Lazy-load lexers - Githubissues

ashmaroli commented 5 years ago

As of Rouge-3.3.0, all lexers are loaded into memory via require 'rouge'. Now that more and more lexers with numerous rules are being introduced, Rouge is going to bloat the memory unnecessarily. The chances of a consumer using a major percentage of the bundled lexers are very low.

Therefore, I would like to propose to have the lexers be loaded into memory as necessary similar to how Ruby's Module#autoload functions.

Whatsay @pyrmont, @dblessing, @gfx, @jneen?

pyrmont commented 5 years ago

Ha! I was wondering about this myself the other day and had it on my list of things to think about the mechanics of doing! :)

Off the top of my head, I'd guess the issue is that there's important information in each lexer that Rouge uses to identify which lexer to choose. You'd still want that to be available. Maybe what's easier is lazy loading of the rules?

ashmaroli commented 5 years ago

Ha! I was wondering about this myself

Awesome! :smiley:

that there's important information in each lexer that Rouge uses to identify which lexer to choose.

I've not familiarized myself with inner workings of Rouge, so I may be way off-track here. I was thinking more along the lines of using Rouge::Lexer.find_fancy(language, content) to determine what lexer to load based on given language..

pyrmont commented 5 years ago

@ashmaroli wrote:

I was thinking more along the lines of using Rouge::Lexer.find_fancy(language, content) to determine what lexer to load based on given language..

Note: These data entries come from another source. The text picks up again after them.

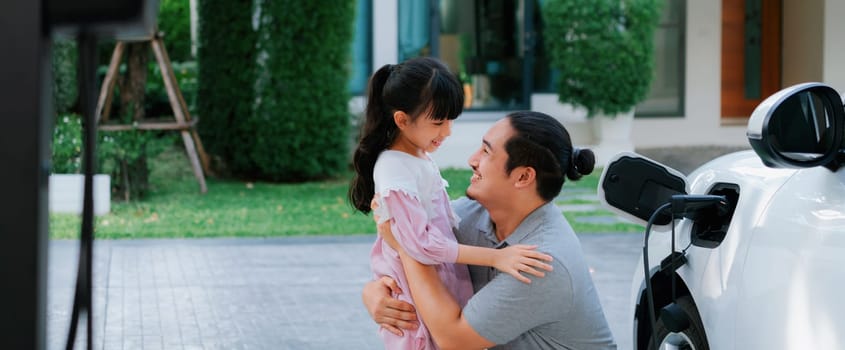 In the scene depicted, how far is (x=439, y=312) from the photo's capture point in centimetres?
286

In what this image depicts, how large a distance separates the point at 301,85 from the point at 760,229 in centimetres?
1177

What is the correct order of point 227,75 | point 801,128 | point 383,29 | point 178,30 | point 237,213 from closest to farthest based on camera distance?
point 801,128
point 237,213
point 227,75
point 383,29
point 178,30

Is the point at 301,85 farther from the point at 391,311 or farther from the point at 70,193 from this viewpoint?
the point at 391,311

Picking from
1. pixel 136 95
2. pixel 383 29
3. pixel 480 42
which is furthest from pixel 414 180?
pixel 480 42

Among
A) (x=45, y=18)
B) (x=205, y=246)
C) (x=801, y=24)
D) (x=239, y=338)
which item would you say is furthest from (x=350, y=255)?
(x=801, y=24)

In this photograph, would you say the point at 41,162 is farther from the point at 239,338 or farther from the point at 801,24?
the point at 801,24

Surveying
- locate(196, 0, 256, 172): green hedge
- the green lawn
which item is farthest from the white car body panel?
locate(196, 0, 256, 172): green hedge

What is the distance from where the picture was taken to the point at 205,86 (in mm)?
15453

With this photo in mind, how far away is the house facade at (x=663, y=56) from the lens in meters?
16.7

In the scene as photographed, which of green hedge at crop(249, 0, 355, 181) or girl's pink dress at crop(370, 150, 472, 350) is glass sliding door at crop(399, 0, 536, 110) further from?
girl's pink dress at crop(370, 150, 472, 350)

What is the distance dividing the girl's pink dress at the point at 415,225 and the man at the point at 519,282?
4 cm

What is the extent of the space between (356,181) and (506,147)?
472 millimetres

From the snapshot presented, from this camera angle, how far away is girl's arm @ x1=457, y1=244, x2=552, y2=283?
276 centimetres

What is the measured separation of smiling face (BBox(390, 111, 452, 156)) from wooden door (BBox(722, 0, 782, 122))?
16.8 metres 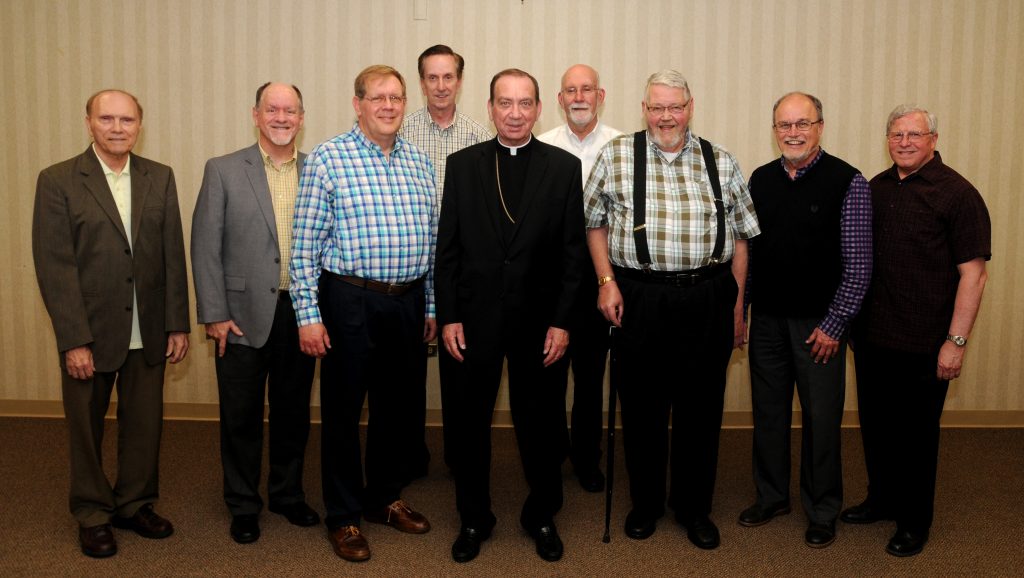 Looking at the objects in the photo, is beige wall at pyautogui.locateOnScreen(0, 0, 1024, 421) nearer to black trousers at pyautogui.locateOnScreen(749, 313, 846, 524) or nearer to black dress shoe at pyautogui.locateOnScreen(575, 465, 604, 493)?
black trousers at pyautogui.locateOnScreen(749, 313, 846, 524)

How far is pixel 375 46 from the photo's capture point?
501cm

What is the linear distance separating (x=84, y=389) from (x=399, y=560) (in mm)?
1409

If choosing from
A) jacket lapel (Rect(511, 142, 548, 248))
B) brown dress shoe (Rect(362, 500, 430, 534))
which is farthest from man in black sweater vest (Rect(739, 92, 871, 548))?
brown dress shoe (Rect(362, 500, 430, 534))

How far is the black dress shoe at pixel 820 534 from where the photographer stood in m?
3.36

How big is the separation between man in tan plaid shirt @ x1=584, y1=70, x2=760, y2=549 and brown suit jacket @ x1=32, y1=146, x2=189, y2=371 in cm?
173

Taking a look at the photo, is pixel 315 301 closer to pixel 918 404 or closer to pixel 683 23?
pixel 918 404

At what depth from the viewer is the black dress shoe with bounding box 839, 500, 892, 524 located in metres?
3.60

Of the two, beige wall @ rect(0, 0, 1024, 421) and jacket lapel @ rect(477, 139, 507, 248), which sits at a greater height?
beige wall @ rect(0, 0, 1024, 421)

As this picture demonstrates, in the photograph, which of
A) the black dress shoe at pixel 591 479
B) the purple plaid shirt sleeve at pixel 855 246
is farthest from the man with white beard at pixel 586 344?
the purple plaid shirt sleeve at pixel 855 246

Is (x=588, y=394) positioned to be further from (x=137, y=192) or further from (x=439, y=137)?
(x=137, y=192)

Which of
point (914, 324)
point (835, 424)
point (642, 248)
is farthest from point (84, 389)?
point (914, 324)

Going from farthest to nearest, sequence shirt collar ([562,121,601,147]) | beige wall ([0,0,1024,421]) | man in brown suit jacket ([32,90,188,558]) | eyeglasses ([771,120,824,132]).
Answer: beige wall ([0,0,1024,421]) → shirt collar ([562,121,601,147]) → eyeglasses ([771,120,824,132]) → man in brown suit jacket ([32,90,188,558])

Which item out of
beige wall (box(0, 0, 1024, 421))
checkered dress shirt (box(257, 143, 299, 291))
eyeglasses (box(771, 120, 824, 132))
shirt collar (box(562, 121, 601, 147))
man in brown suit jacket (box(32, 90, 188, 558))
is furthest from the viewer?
beige wall (box(0, 0, 1024, 421))

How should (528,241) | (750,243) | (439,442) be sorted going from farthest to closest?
(439,442) → (750,243) → (528,241) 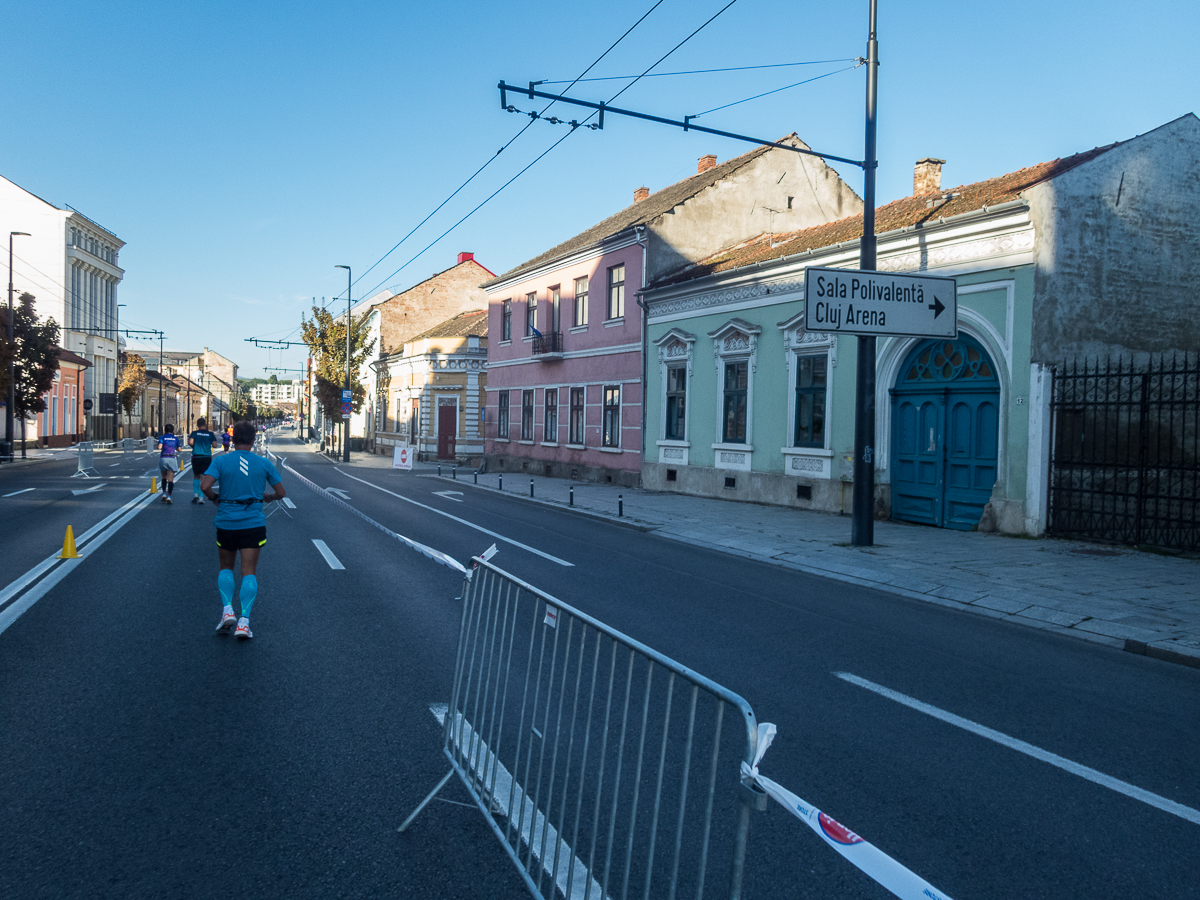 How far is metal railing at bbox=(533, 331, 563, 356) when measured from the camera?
2948cm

Right, but language is 'registered' by each lexer (I think). So if you're going to find the lexer with the matching name, you necessarily need to have the objects loaded in memory to check. I mean you could load each in as you check it but:

you'll likely load a lot of lexers before you find the one you're looking for; and
the loading of each lexer will still cause all the rules to be created and I'd assume that's where a lot of the memory usage comes from.

See here:

https://github.com/rouge-ruby/rouge/blob/b1e81b83109f512c6c762acd1e5dae271ab56fa7/lib/rouge/lexer.rb#L33-L77

ashmaroli commented 5 years ago

all the rules to be created

If that's the case, we could have the most commonly occurring regexps stashed in named constants under the RegexLexer.. :thinking:

pyrmont commented 5 years ago

@ashmaroli wrote:

If that's the case, we could have the most commonly occurring regexps stashed in named constants under the RegexLexer.. 🤔

The Rouge::RegexLexer::Rule objects consist of a regular expression but also a block. Common regular expressions would possibly be helpful but there'd still be a lot of object creation.

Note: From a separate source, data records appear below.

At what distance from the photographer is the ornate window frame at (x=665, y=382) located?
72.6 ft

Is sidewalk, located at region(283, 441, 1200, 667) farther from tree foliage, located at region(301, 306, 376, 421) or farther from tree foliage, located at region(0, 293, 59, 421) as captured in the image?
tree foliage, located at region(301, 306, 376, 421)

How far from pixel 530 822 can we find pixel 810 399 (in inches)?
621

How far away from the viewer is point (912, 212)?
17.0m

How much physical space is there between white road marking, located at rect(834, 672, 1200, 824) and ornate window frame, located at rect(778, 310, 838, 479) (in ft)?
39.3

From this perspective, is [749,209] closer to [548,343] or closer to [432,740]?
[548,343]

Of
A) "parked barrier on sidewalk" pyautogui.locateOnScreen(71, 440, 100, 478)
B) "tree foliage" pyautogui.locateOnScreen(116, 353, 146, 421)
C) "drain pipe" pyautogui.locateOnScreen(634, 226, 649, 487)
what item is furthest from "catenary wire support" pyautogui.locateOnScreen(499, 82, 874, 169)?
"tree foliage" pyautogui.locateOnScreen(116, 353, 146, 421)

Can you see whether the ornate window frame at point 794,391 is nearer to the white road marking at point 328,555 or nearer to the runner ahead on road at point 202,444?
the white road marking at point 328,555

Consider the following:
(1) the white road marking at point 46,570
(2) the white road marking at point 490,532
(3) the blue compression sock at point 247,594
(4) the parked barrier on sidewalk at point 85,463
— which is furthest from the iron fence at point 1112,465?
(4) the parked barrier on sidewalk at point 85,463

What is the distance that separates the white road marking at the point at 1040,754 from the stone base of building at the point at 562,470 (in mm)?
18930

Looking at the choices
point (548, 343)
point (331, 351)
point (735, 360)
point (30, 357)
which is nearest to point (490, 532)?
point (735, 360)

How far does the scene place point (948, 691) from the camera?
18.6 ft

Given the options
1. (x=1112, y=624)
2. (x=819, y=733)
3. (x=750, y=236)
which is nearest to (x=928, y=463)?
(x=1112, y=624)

Here are some initial thoughts on possible strategies:

cache registry of lexer names and aliases (either on our side when we release a gem or on the user side when they run Rouge for the first time);
extract names and aliases from lexer files using string scanning and use that to build the registry;
guess filename for lexer based on language name and only load all lexers if that fails (or it isn't provided).

Strategy 3 is the simplest but as someone who typically expresses languages using their aliases (eg. rb for Ruby), I'd probably prefer 1.

ashmaroli commented 5 years ago

I fail to see the point of using a cache registry of lexer names and aliases to selectively load a lexer since they're all unique. What is being cached..? If you want to prevent multiple loading of lexers, it'd make sense to use require instead of load but IIRC, @jneen was not open to making that switch.

But if you were suggesting a cache for holding common patterns in multiple lexers, that makes sense.

pyrmont commented 5 years ago

This cache would hold references to the filename of the relevant lexer for each name and alias. If Rouge was invoked with the name of the language (or its alias), Rouge could look it up in this cache and then load only that lexer.

ashmaroli commented 5 years ago

Basically what require does with $LOADED_FEATURES. If invoking a lexer with :ruby caused lib/rouge/lexers/ruby.rb to be loaded into memory. invoking a lexer with :rb would simply return false... correct?

pyrmont commented 5 years ago

Strategy 3 would work like that. In your example, the language specified is :ruby and there's a file called ruby.rb in lib/rouge/lexers/ so that'd match and Rouge would load that and only that lexer.

The limitation would be if you used an alias. Since there's no file called rb.rb if the language specified was :rb, Rouge would have to fall back on loading all lexers so that a complete registry could be populated and searched instead.

ashmaroli commented 5 years ago

Rouge would have to fall back on loading all lexers so that a complete registry could be populated and searched instead.

Oh! I did not realize that. Now your strategy sounds like a good first-step in the right direction. :+1:

pyrmont commented 5 years ago

Hmmm, after further review, I think I may have taken us down a rabbit hole. I suspect @jneen has (unsurprisingly) done her best to avoid unnecessary object creation.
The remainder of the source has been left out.